Recurrent wheezing is common in infants, most often triggered by respiratory viral infections. When wheezing begins early and persists without symptom-free intervals, it is crucial to first exclude common underlying conditions such as gastroesophageal reflux disease, bronchopulmonary or vascular malformations, and decompensated cardiac disease. Once these etiologies have been ruled out, less frequent disorders—most notably cystic fibrosis—should be considered. Through this case report, we aim to highlight the diagnostic and management challenges of cystic fibrosis in our setting. A 4-month-old infant was hospitalized for recurrent wheezing and dyspnea without symptom-free intervals. Clinical examination revealed severe respiratory distress with diffuse wheezing, along with growth faltering (–3 SD). Chest X-ray demonstrated perihilar atelectasis, bronchial wall thickening in the left lower lobe and the right apical basal segment, and left-sided thoracic hyperinflation and chest CT angiography showed bilateral pneumonia. Immunological investigations were unremarkable.
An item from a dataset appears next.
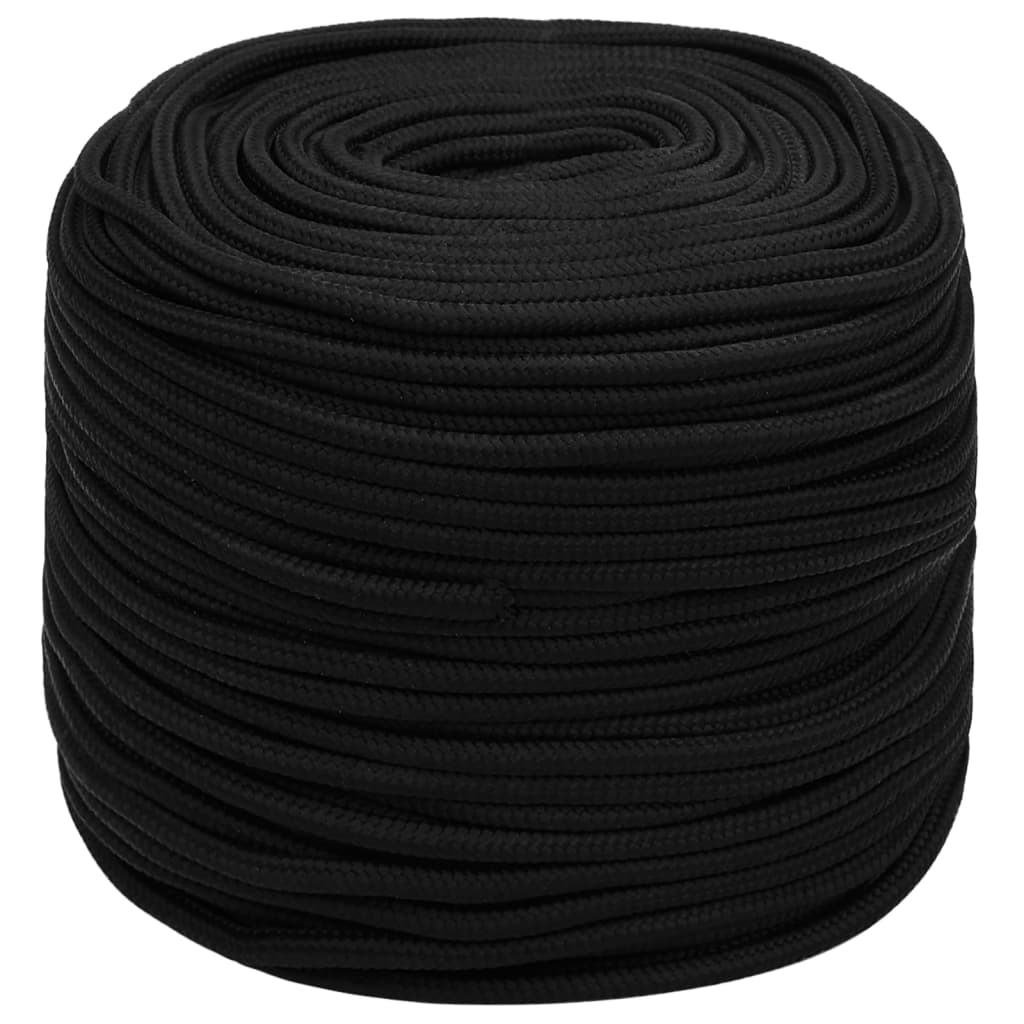 Vidaxl Werkouw 8 mm 25 m Polyesterschwarz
A sweat chloride test, performed twice, confirmed markedly elevated chloride concentrations. The patient showed a favorable clinical evolution following treatment with antibiotic therapy, pancreatic enzyme replacement, vitamin supplementation, and respiratory physiotherapy. In the absence of systematic neonatal screening in our context and to prevent severe and fatal complications, cystic fibrosis should be considered in any case of persistent wheezing in an infant.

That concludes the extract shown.